Permit FDI in retail to tame food inflation: Ficci

Permit FDI in retail to tame food inflation: Ficci

New Delhi: Pitching for foreign direct investment in multi-brand, industry body Ficci on Sunday said FDI in the segment could help tame food inflation, hovering in the range of 17-18%.

“FDI in retail has to be permitted in order to ensure expansion of organised retailing in the country," the industry body said in a statement.

The present onion crisis “is no doubt a direct consequence of supply side constraints," it said adding food inflation is playing “havoc with the budgets of the common man".

As per the latest government data, while food inflation has softened to 16.91% for the week ended 1 January, 2011, prices of vegetables, onions and protein-based items continued to remain costly.

Ficci, however said the FDI in retail should be permitted with the stipulation that the organised retail chains would work closely with farmers in providing inputs to improve the productivity and directly sourcing from farmers.

“This would result in better prices to farmers as well as consumers and also addressing the structural issues such as low productivity and wastage," Ficci said.
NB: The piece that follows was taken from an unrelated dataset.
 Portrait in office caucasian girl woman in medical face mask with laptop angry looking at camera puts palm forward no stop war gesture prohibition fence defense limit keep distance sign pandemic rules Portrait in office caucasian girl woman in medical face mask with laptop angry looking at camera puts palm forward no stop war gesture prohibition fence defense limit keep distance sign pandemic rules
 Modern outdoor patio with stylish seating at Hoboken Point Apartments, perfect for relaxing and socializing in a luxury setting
Government has floated a discussion paper, which suggested opening of the multi-brand retail sector for foreign players. Consultation process on the paper is over.
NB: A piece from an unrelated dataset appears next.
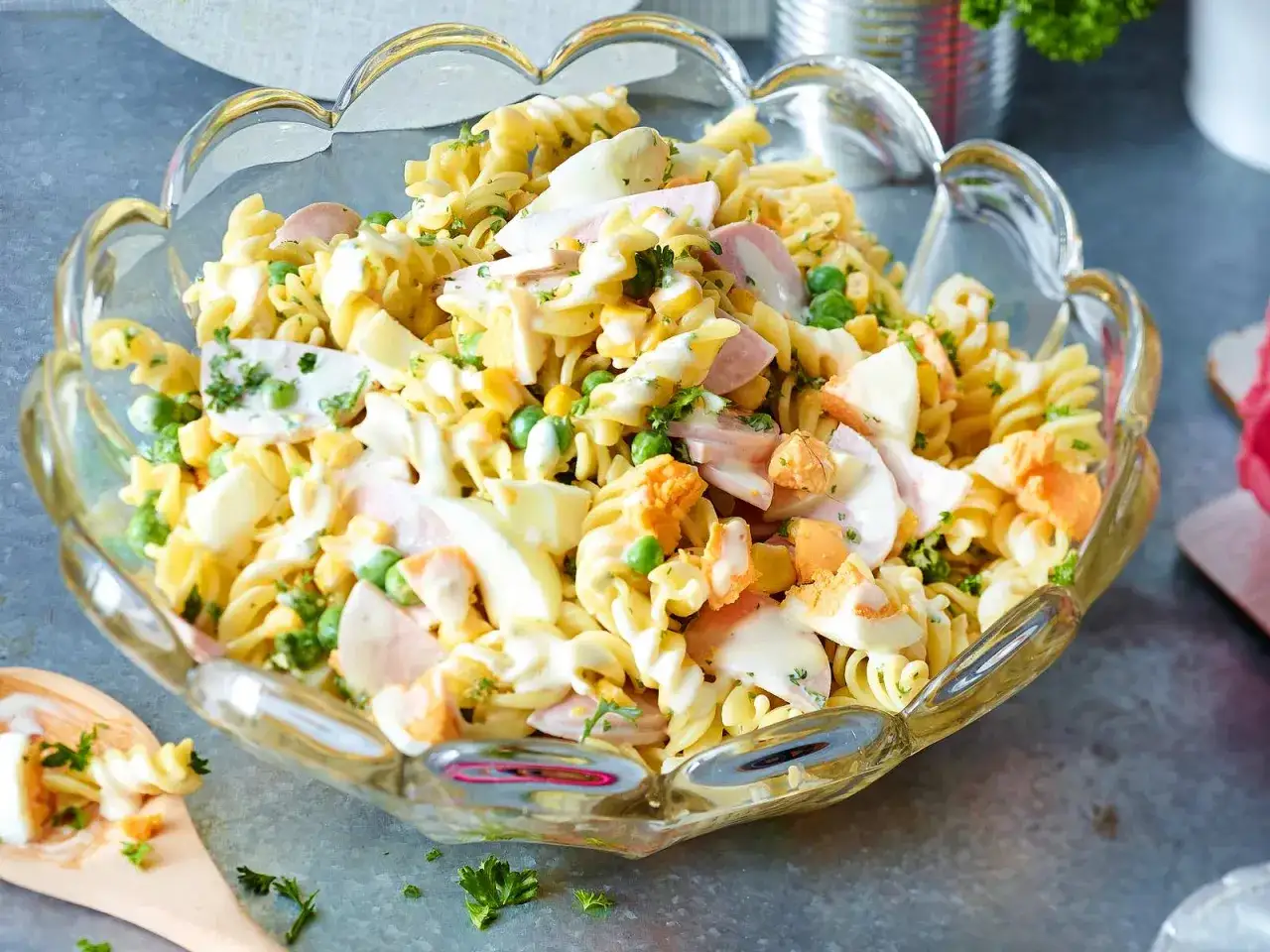 Ein k&ouml;stlicher nudelsalat mit mayo, gef&uuml;llt mit Erbsen, Ei und Schinken, serviert in einer Glassch&uuml;ssel.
Besides amendment in the FDI policy, Ficci said there is an urgent need to accord a special status to perishables and horticulture commodities and changes in the Agricultural Produce Marketing Regulation Acts of different states and union territories.

“By doing so, it would mean that anyone can buy or sell only perishable commodities anywhere in the country," the chamber said.

The long chain of intermediaries and inefficient price discovery mechanism are the reasons for high price mark-ups between farmers and consumers Ficci added.

It suggested that farmers should be encouraged to form producer associations, cooperatives and aggregate the produce, which could be directly sold on electronic spot exchanges or to retailers.

The chamber also argued that all the markets should be electronically linked for improved efficiency and better price discovery for both the farmers and consumers.